Saturday, July 14, 2007
There are few things more Aussie than a meat pie. Unless it’s a meat pie consumed while wearing shorts and thongs after playing a game of cricket on the beach, or in your mate’s quiet street. Or eaten during half-time at the footy and washed down with a beer.
The humble meat pie is an Australian icon – a beacon of hope whether you’re hungry or hungover – wrapped in pastry and smothered in tomato sauce (no ketchup in sight!) Mashed potatoes, peas and gravy sometimes make an appearance. When done properly, it is a beautiful thing.
But sadly, it is not too often that a meat pie is truly done properly. Meat pies are mass-produced and sold frozen, with who knows what inside. There have been horror stories of scary meat pie surprises, if the fat content alone wasn’t enough to turn a girl off them.
It had been a long time since I had a pie. When I was flicking through my copy of Donna Hay’s Modern Classics 1, the perfect golden pastry of her meat pie caught my eye. Reading the recipe, I thought, now this is more like it! Lean steak, cubed and stewed in red wine and stock, thickened later into delicious meaty gravy. I added bacon, but anything goes – mushrooms, vegetables, small cubes of potato. This was my first attempt at a pie from scratch ever and it worked out beautifully.
Recipe adapted from Donna Hay
• 2 cups flour
• 145g cold butter
• 5-7 tablespoons cold water
• Puff Pastry (I used store bought)
• 1 tablespoon olive oil
• 1 ½ onions, chopped
• 1 kg blade steak, cut into small cubes
• 6 rashers bacon, finely sliced
• 1 tablespoon fresh thyme, chopped
• 1 tablespoon tomato paste
• 4 cups beef stock
• 1 cup red wine
• 1 tablespoon Worcestershire sauce
• 2 tablespoons flour or cornflour
• ¼ cup water
• sea salt and cracked black pepper
• 1 egg, lightly beaten
1. To make the filling, heat the oil in a saucepan or large frying pan over high heat. Add the onion and cook for 2 minutes, until soft. Add bacon and cook until crispy, then add the meat and cook until brown.
2. Add the tomato paste, stock, wine and Worcestershire sauce to the pan and simmer, uncovered for one hour or until the meat is tender.
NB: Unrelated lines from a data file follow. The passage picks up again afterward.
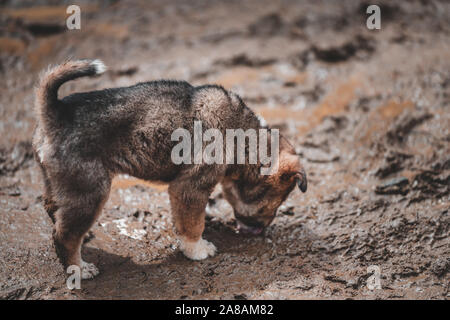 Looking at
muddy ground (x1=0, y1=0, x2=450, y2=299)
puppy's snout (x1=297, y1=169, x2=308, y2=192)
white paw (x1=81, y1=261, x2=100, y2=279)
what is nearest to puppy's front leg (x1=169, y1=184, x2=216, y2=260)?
muddy ground (x1=0, y1=0, x2=450, y2=299)

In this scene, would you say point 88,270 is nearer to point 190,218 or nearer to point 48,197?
point 48,197

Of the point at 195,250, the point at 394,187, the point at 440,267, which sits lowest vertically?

3. In the meantime, make shortcrust pastry. In a stand mixer (with hook attachment) or food processor, mix flour and butter until the mixture resembles breadcrumbs. Add enough cold water, and mix until the dough is smooth and comes away from the bowl. Wrap the dough in plastic wrap and refrigerate for 30 minutes.
4. Blend the cornflour/flour and water to a smooth paste. Add it to the beef mixture while it is simmering rapidly on high heat. Stir until the mixture has thickened and returned to a simmer. Add salt and pepper and then set aside to cool.
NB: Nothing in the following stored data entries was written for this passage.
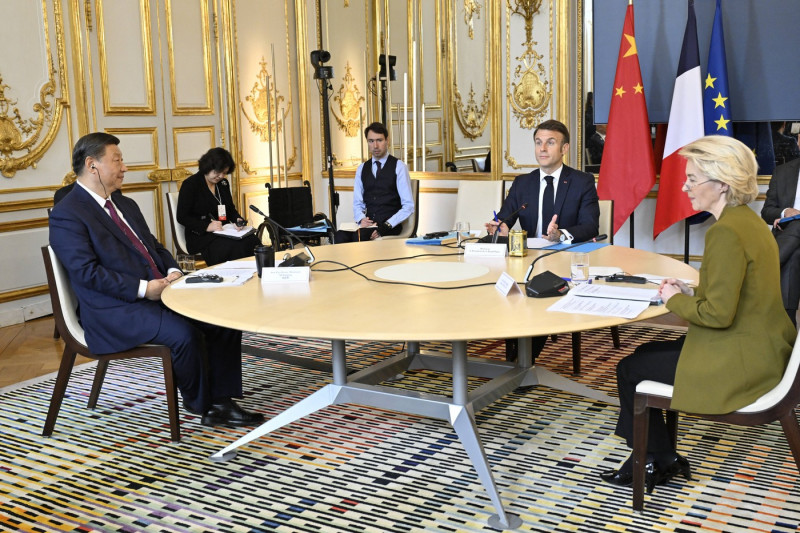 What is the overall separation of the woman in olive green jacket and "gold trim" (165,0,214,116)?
526cm

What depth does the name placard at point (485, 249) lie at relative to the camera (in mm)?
3719

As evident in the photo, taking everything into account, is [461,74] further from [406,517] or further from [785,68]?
[406,517]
5. Preheat the oven to 180°C (350°F)
6. Roll out the shortcrust pastry on a lightly floured surface to 3mm. Cut out pie bases (1 large and four small, or 6 medium). Blind bake for 20 minutes. Remove baking weights and spoon in the filling. Roll out the puff pasty and cut out lids for each pie.
7. Place on top and press edges of the pastry together. Brush the tops with the egg and make a slit in the tops.
8. Bake for 30 minutes, or until golden. Serve with mashed potatoes, peas and gravy.